Stored data below:
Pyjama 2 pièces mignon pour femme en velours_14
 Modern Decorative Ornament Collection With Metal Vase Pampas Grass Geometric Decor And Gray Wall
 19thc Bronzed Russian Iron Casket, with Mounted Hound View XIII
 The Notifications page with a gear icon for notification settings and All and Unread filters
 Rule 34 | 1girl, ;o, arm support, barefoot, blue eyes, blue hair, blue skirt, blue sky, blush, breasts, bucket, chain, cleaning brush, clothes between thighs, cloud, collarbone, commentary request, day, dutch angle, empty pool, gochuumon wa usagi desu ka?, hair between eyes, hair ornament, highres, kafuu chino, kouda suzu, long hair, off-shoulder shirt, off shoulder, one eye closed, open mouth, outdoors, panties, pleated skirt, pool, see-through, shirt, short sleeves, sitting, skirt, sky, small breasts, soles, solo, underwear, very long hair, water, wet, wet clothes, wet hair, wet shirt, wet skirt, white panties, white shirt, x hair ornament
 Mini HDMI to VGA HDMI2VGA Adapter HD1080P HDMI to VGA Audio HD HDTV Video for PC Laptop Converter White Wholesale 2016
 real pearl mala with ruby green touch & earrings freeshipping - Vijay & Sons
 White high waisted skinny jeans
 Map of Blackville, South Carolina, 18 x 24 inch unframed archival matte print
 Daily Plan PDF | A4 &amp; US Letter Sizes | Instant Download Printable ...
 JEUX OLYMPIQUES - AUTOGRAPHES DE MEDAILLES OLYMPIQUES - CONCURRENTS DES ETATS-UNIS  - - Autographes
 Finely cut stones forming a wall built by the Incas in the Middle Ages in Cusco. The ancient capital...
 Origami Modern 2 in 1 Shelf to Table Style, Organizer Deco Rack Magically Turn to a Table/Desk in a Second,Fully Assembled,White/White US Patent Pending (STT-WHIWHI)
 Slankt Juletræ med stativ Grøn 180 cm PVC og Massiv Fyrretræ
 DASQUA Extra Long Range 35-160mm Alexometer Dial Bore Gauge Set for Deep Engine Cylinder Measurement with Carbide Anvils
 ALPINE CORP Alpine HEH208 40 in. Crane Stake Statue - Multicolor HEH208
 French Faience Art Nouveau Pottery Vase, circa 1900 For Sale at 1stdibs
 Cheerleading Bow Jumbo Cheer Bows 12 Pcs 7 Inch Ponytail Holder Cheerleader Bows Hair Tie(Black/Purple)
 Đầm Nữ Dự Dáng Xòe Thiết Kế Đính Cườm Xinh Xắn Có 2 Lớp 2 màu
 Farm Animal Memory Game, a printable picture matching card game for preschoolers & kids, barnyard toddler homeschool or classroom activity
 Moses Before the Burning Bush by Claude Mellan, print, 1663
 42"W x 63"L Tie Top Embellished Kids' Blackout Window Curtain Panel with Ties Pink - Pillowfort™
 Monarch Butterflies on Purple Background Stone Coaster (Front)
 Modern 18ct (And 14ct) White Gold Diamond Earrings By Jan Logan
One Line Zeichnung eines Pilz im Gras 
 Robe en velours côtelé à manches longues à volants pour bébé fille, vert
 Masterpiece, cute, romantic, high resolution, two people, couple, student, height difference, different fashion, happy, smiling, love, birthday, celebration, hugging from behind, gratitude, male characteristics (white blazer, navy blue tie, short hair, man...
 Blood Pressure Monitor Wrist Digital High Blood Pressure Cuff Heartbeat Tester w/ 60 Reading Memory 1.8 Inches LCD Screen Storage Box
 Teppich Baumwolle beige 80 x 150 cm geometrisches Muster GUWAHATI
End of Stored data.
Copy the entries above exactly, but only from the line holding "Modern Decorative Ornament" through the line holding "The Notifications page", both included.

Exercise answer:
 Modern Decorative Ornament Collection With Metal Vase Pampas Grass Geometric Decor And Gray Wall
 19thc Bronzed Russian Iron Casket, with Mounted Hound View XIII
 The Notifications page with a gear icon for notification settings and All and Unread filters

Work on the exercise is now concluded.